_ASSIGNED TASK:_ Starting with the line that has "For these settings, you" in the records below and stopping after the line that has "When the inner", output every line exactly and nothing else; skip pictures.

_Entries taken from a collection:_
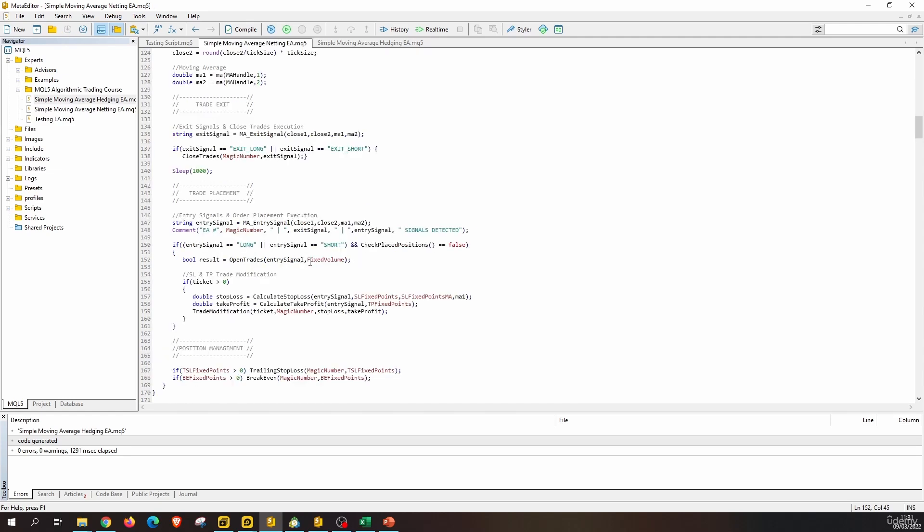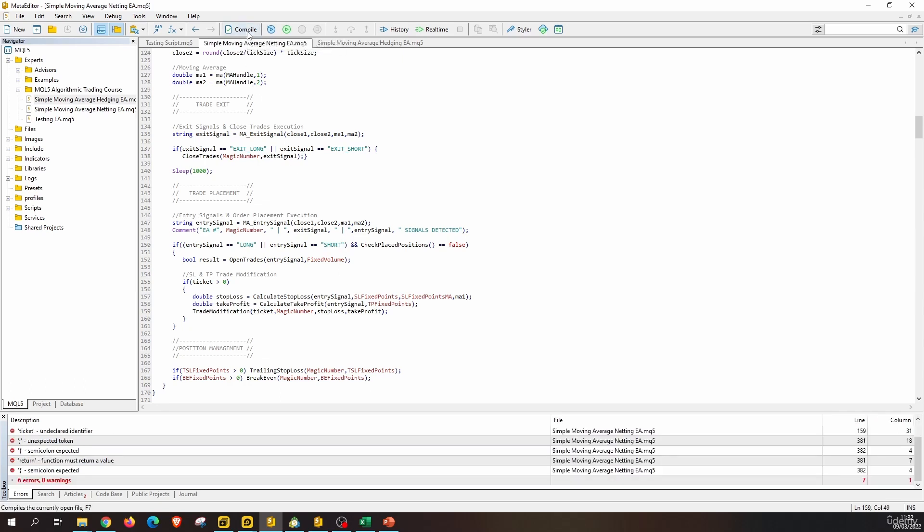Now if we compile, we should see several errors because we are using a boolean result variable and we are not using the ticket anymore. But still in this expert advisor we have references to ticket here and here, so we should see compiler errors, but it is fine. We will correct this in next lessons.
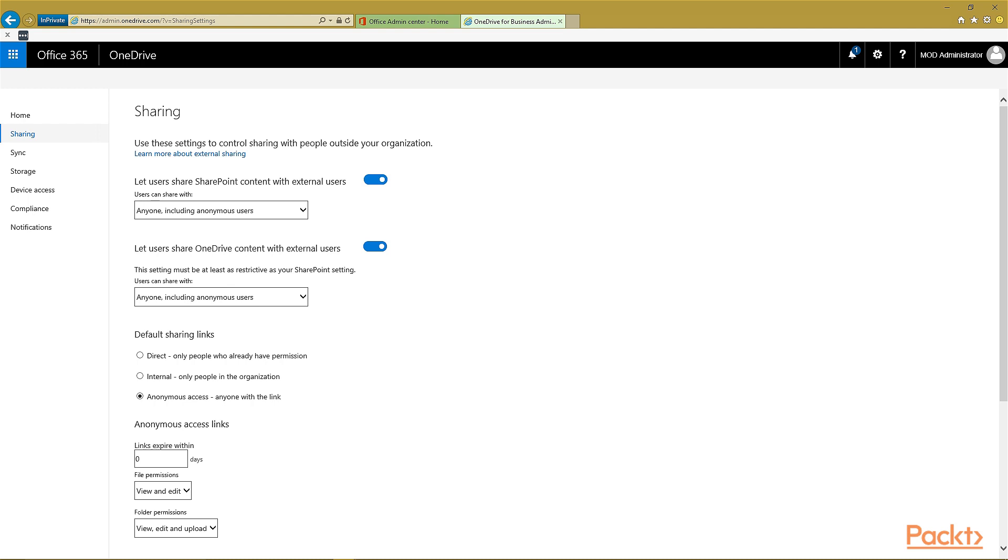For these settings, you can do many things. You can let content be shared with external users. For SharePoint, you can let external sharing be set for SharePoint content so that it can be shared with external users.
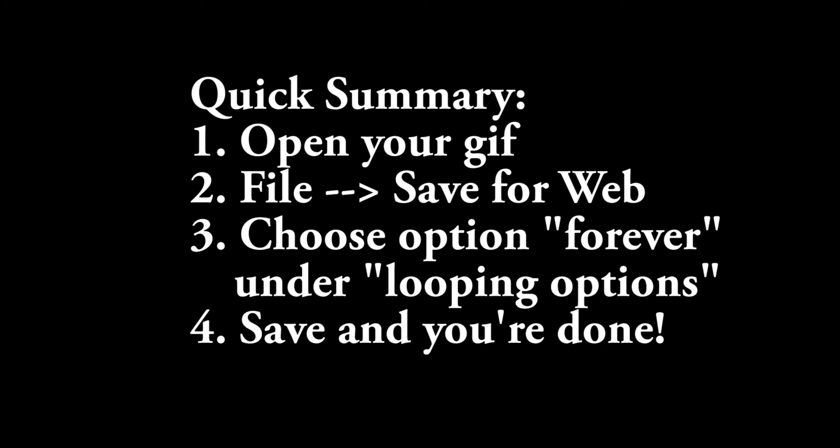Hello and welcome to this tutorial. My name is Ben Morgan and in this tutorial I'm going to show you how to make an infinitely looping GIF in Photoshop.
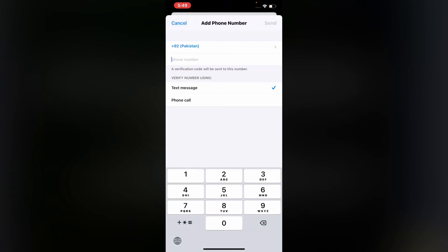You can see appears on screen enter new trusted phone number. Tap on send.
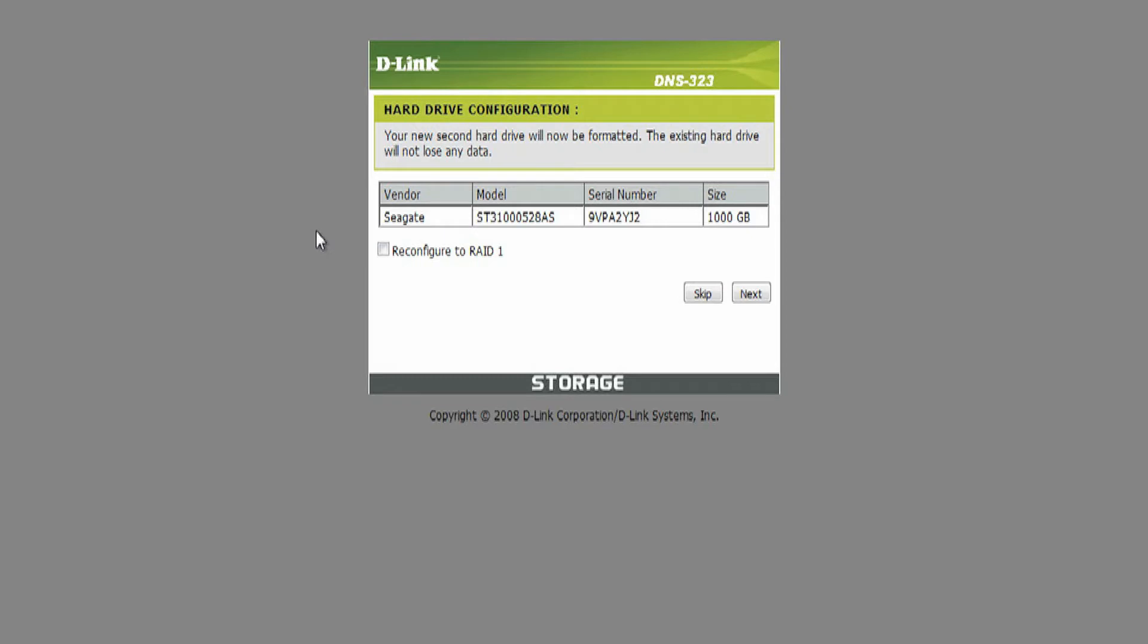Since we've just installed a second hard drive, the first screen to appear is the hard drive configuration screen. Your new second hard drive will now be formatted. The existing hard drive will not lose any data. Click on the box next to Reconfigure to RAID 1 and select Next.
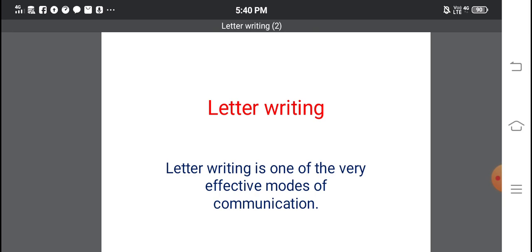On the other hand, letter writing is important from an examination point of view. Questions about letter writing are being asked in examinations, so it is very important for students to learn the art of letter writing.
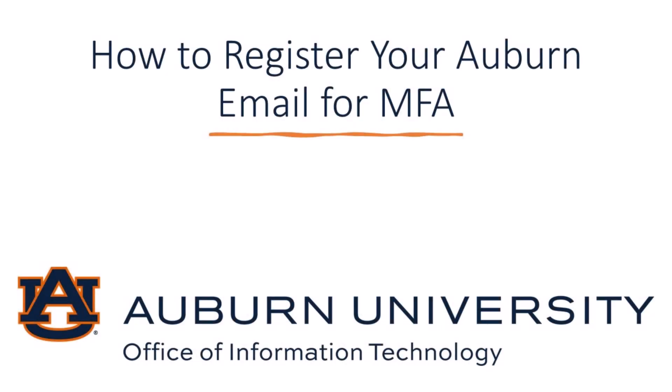This video demonstrates how to register your Auburn account for Microsoft multi-factor authentication using a device such as a smartphone or tablet in conjunction with a computer. The screens and options you will see in this video cover all platforms.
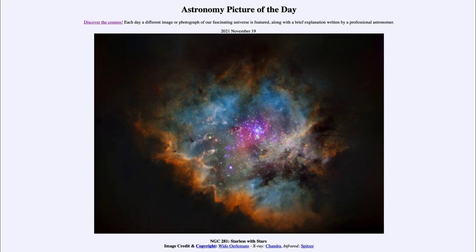And the red comes from the Spitzer Space Telescope, which is infrared data. So we're looking at infrared and X-ray in addition to the visible light image of just the nebula — taking the stars out and then putting them back in at other wavelengths.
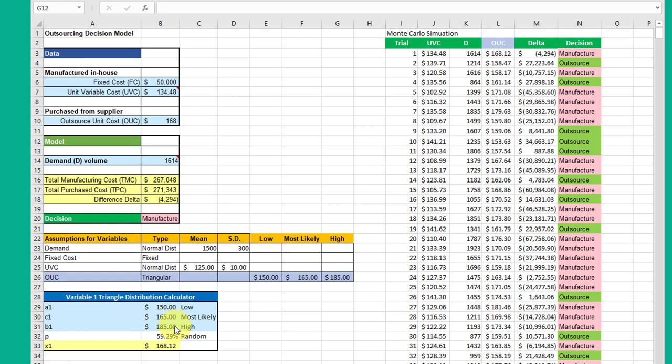But they have to be consistent and you've got to put it in this pattern: low, medium, high. And I've labeled those A1, C1, and B1 so that that'll help you do your modeling.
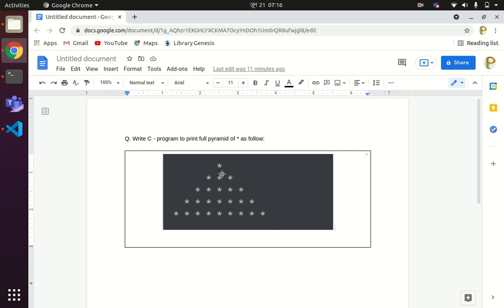When the inner loop is executed for the second time it runs three times — 1 plus 2 equals 3, 3 plus 2 equals 5, 5 plus 2 equals 7, 7 plus 2 equals 9. So for the first value of the outer loop the inner loop runs one time, for the second value three times, for the third value five times, for the fourth value seven times, and for the fifth value nine times.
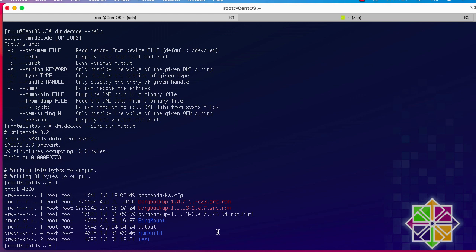As you can see, dmidecode is a very useful command for getting hardware information about your system. Keep in mind you must be root or a user with root privileges to execute it. That was a brief introduction to using the dmidecode command — I hope it has been informative, and thank you for watching!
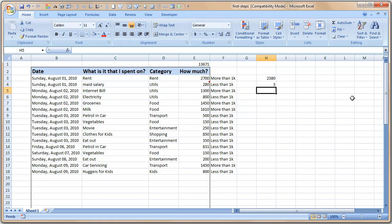What this formula is doing is wherever D3 to D18 has a value of utils, sum of the corresponding value from E3 to E18. So when you press enter you see that on utilities we have paid 2380 rupees. There is a corresponding formula called COUNTIF and it does count the values that meet the criteria. So there are three payments on utils and the total sum is 2300.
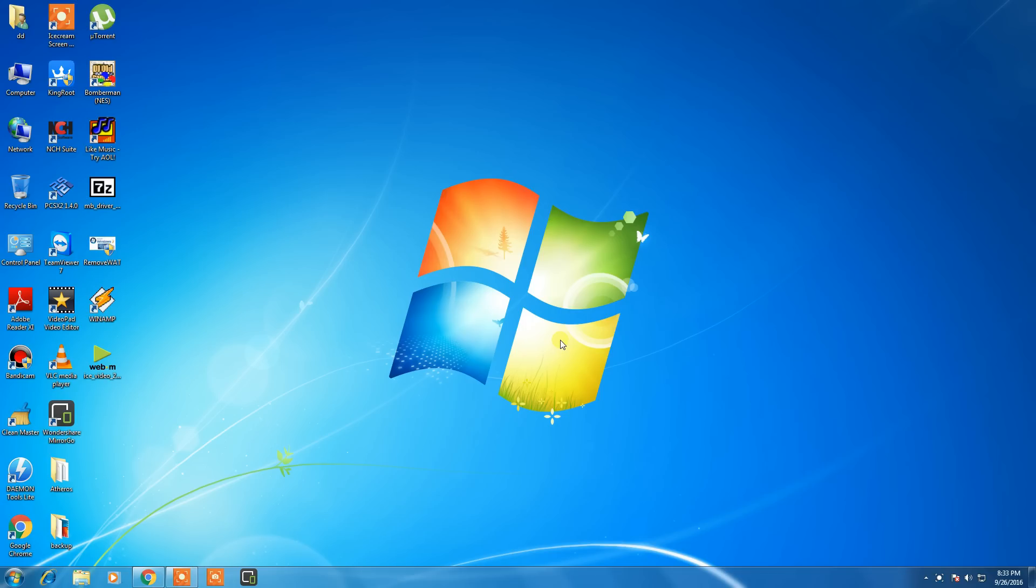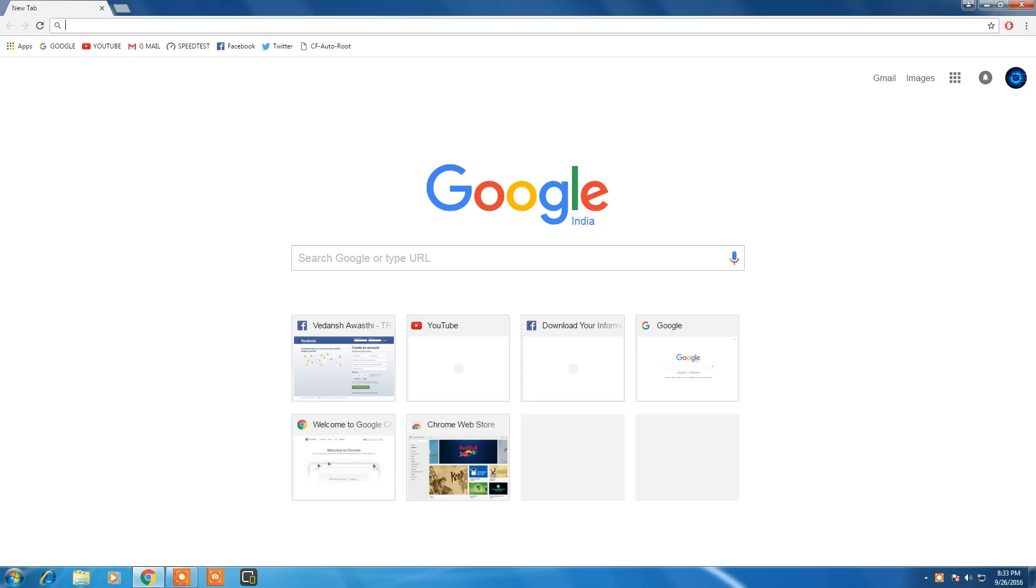This trick is very awesome and easy, but you need to follow me carefully. First, open your browser and go to Google.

_EXERCISE OUTPUT:_
For these settings, you can do many things. You can let content be shared with external users. For SharePoint, you can let external sharing be set for SharePoint content so that it can be shared with external users.
Hello and welcome to this tutorial. My name is Ben Morgan and in this tutorial I'm going to show you how to make an infinitely looping GIF in Photoshop.
You can see appears on screen enter new trusted phone number. Tap on send.
Since we've just installed a second hard drive, the first screen to appear is the hard drive configuration screen. Your new second hard drive will now be formatted. The existing hard drive will not lose any data. Click on the box next to Reconfigure to RAID 1 and select Next.
On the other hand, letter writing is important from an examination point of view. Questions about letter writing are being asked in examinations, so it is very important for students to learn the art of letter writing.
This video demonstrates how to register your Auburn account for Microsoft multi-factor authentication using a device such as a smartphone or tablet in conjunction with a computer. The screens and options you will see in this video cover all platforms.
And the red comes from the Spitzer Space Telescope, which is infrared data. So we're looking at infrared and X-ray in addition to the visible light image of just the nebula — taking the stars out and then putting them back in at other wavelengths.
But they have to be consistent and you've got to put it in this pattern: low, medium, high. And I've labeled those A1, C1, and B1 so that that'll help you do your modeling.
When the inner loop is executed for the second time it runs three times — 1 plus 2 equals 3, 3 plus 2 equals 5, 5 plus 2 equals 7, 7 plus 2 equals 9. So for the first value of the outer loop the inner loop runs one time, for the second value three times, for the third value five times, for the fourth value seven times, and for the fifth value nine times.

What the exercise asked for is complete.